Curve measurement – If your child requires an X-ray evaluation, the doctor will measure the curve on the X-ray. Doctors classify curves of the spine by location, shape, pattern and cause. Whether or not treatment is required and the possible treatment options will depend not only upon the size of the curvature but also on how much growth your child has remaining.

Watch and wait — “you don’t have scoliosis you have spinal asymmetry” - We classify spinal curvatures of at least 10 degrees as scoliosis. Smaller degrees of deformity are called spinal asymmetry. Curvatures less than 10 degrees never need treatment. They can, however, progress and should be followed.  

Watch a tutorial by Graham Fedorak, M.D., on how you can perform an at-home screening with the Shriners Hospitals for Children SpineScreen app. As this is strictly an initial check, it should be followed up by a doctor’s examination to determine if your child has scoliosis.

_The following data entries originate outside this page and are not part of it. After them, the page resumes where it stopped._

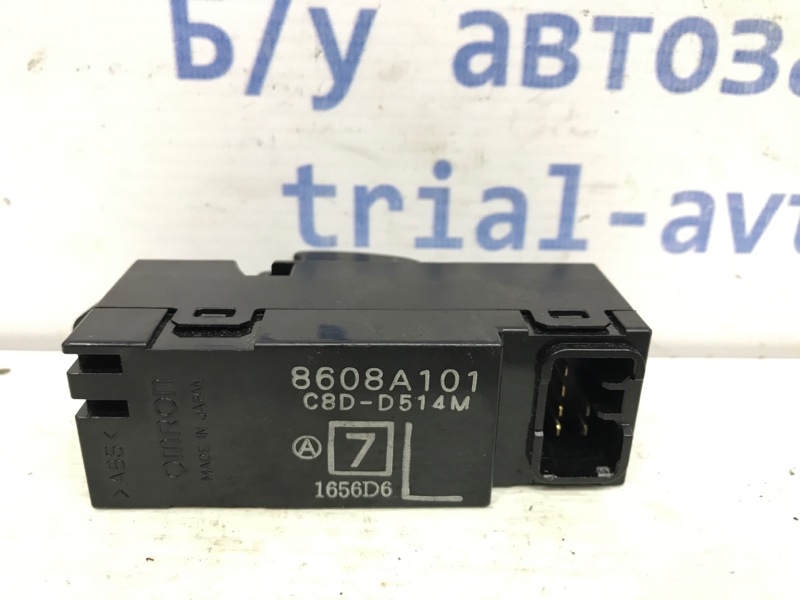 Кнопка стеклоподъемника Mitsubishi Lancer 9 1.6 Бензин 4G18 Кнопка стеклоподъемника Mitsubishi Lancer 9 1.6 Бензин 4G18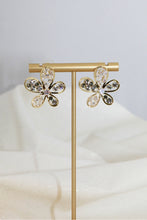 Load image into Gallery viewer, Flower Zirconia Stud Earrings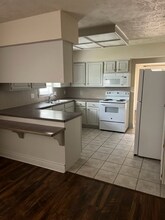 302 W Crawford St in Gentry, AR - Building Photo - Building Photo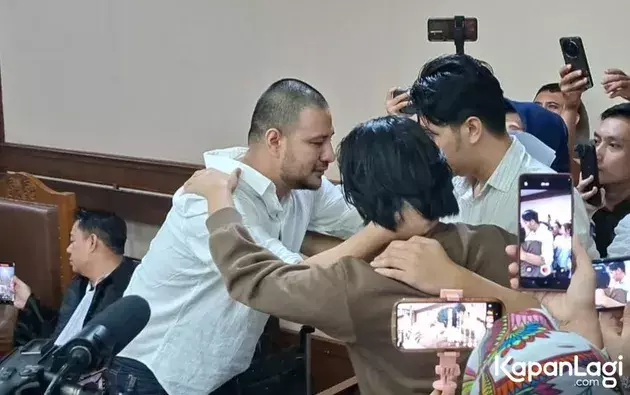 Pertemuan haru Ammar Zoni dan keluarga © 2025 brilio.net Pertemuan haru Ammar Zoni dan keluarga © 2025 brilio.net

If your child does have scoliosis, Shriners Hospitals for Children may be able to help.

Nonsurgical options


Bracing is a nonoperative treatment for idiopathic and nonidiopathic scoliosis.

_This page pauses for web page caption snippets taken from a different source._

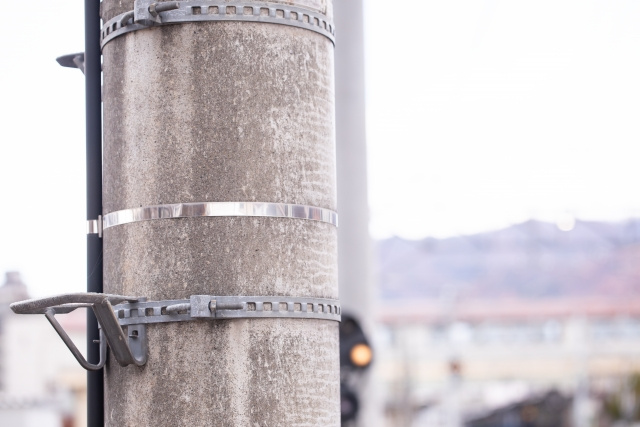 敷地内に電柱がある土地を購入するメリット・デメリットとは？移動はできる？の画像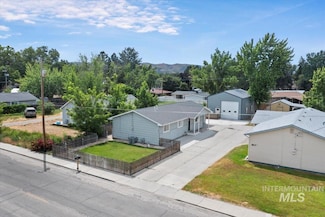 807 B E Locust St, Emmett, ID 83617
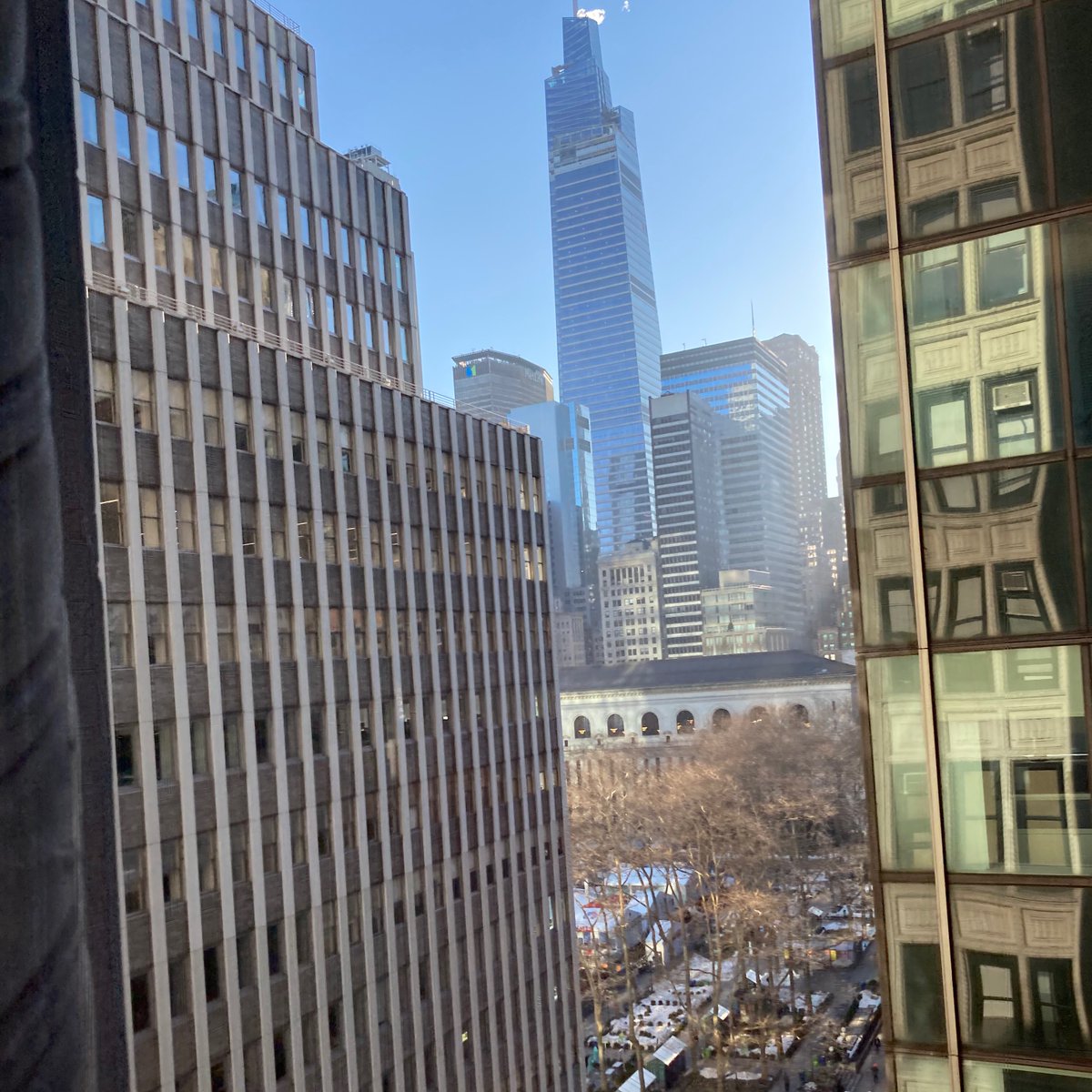 110west40's tweet photo. Happy Friday from #midtownNYC ☀️ It might be a little chilly outside, but the views of @bryantparknyc from our building remain beautiful #AdamsCoMMUNITY #CRE #NYCviews #commercialrealestate #officespace #garmentdistrict @AdamsRENYC #CRENYC https://t.co/sec84L7jvC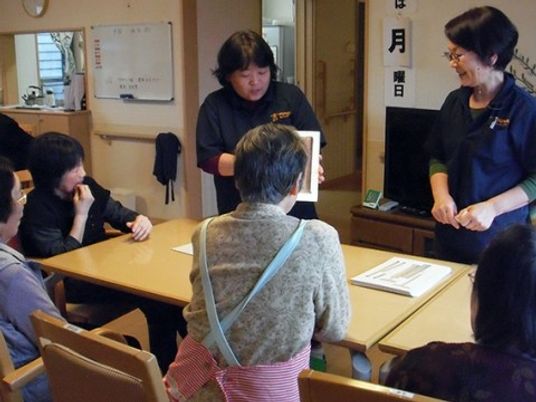 活動する人々の多目的室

  • May be combined with prescribed scoliosis-specific exercises
  • Can be effective in stopping the progression of the curve
  • Schedule and type of brace will depend on the location and degree of curve
  • Compliance with wearing the brace is vital to the success of bracing treatment
  • Most orthotic devices are made in-house by Shriners Hospitals for Children — Salt Lake City

Serial casting (Mehta, EDF casting)

Serial casting is for infantile scoliosis when the curve is progressive.

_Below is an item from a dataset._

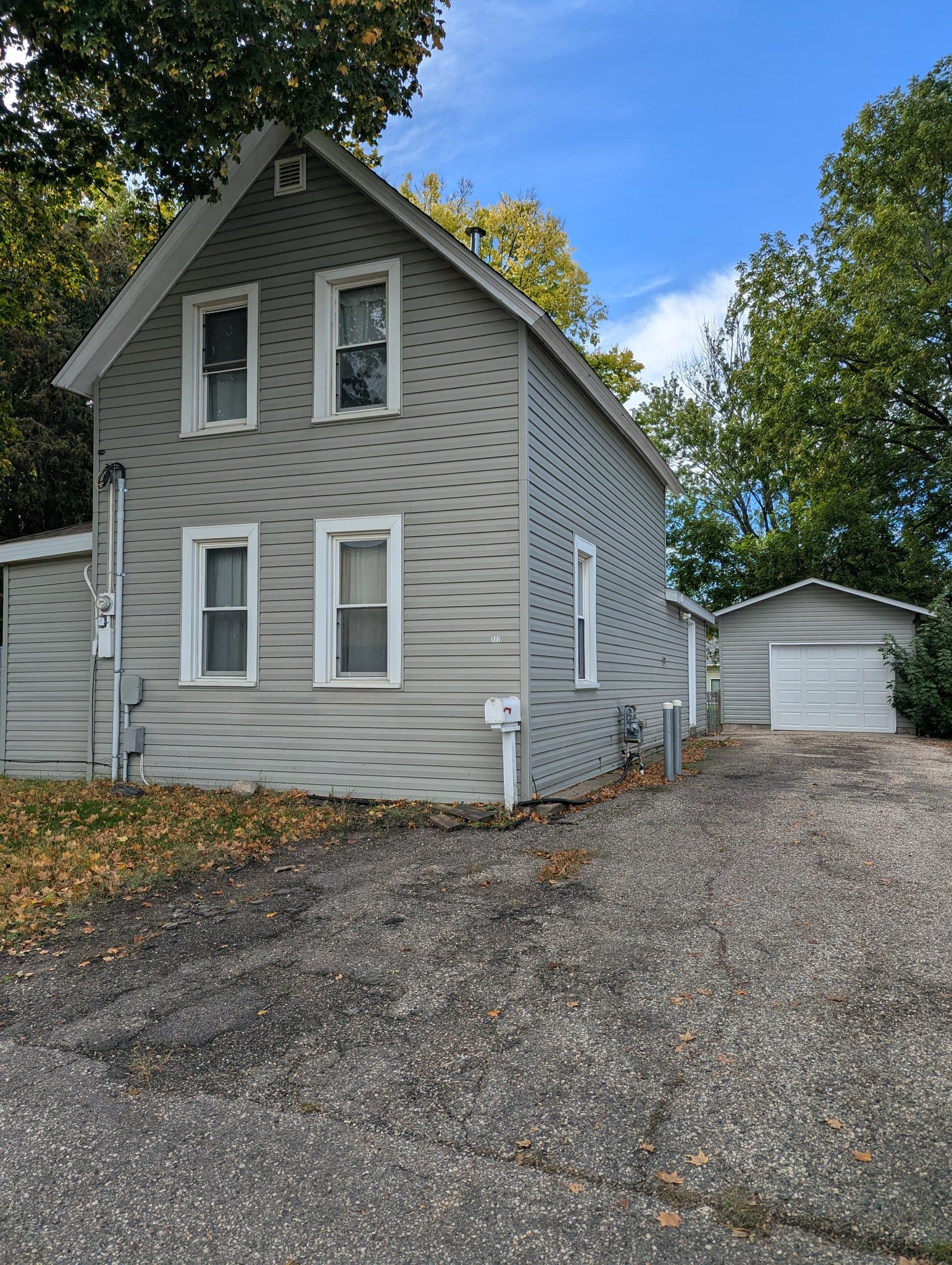 New Prague House: 502 1st Ave NW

  • Requires cast changes under anesthesia every two to three months
  • Casting straightens the spine through the continuous application of external force
  • Casting is an option versus bracing for improved compliance

Surgical options

Growth friendly systems

Expandable devices used in growing children with scoliosis:

  • Growing rods are used in younger patients with progressive curves and significant growth remaining. They are used to partly correct the spinal deformity while also allowing the patient to grow. These patients have typically failed conservative measures, such as casting or bracing. Growing rods require a surgical procedure through the back. Expandable rods are attached to the spine both above and below the curves with screws or hooks. The growing rods will then be surgically lengthened every six months depending on the advancement of the curvature of the spine and patient growth.
  • MAGEC stands for MAGnetic Expansion Control is a device implanted into the patient as a temporary internal bracing system for use in skeletally immature patients with progressive spinal deformity that is nonresponsive to bracing, casting or other nonsurgical treatments. Unlike traditional growing rods or VEPTR, once implanted the device can be expanded in clinic noninvasively. This allows the child’s spine to grow while avoiding multiple trips to the operating room. 
  • Vertical expandable prosthetic titanium rib (VEPTR or titanium rib) is a titanium rod curved to fit the back of the chest and spine and is designed to be used for the growing child with a chest wall deformity and thoracic insufficiency. VEPTR helps to correct spinal deformity and allow for the development of the chest and lungs. VEPTR, like growing rods, requires periodic expansion to match the spinal growth of the child.

Definitive management

  • Spinal fusion surgery is recommended to correct a curve or stop it from progressing when the patient is still growing and has a curve that is greater than 45 to 50 degrees, or in skeletally mature patients with progressive curves or curves greater than 50 to 55 degrees. Screws or hooks are placed into the vertebrae through the curved portion of the spine. Rods are then attached to the screws and hooks which result in straightening of the deformity. A bone graft is then placed over the spine. The bone graft will grow together with the individual bones of the spine, resulting in a fusion of the corrected spine in the proper position. Spinal fusion is a good option for select patients as it corrects much of the cosmetic deformity, can significantly improve sitting and standing posture, and most importantly prevents continued progression of deformity, which may otherwise become severe.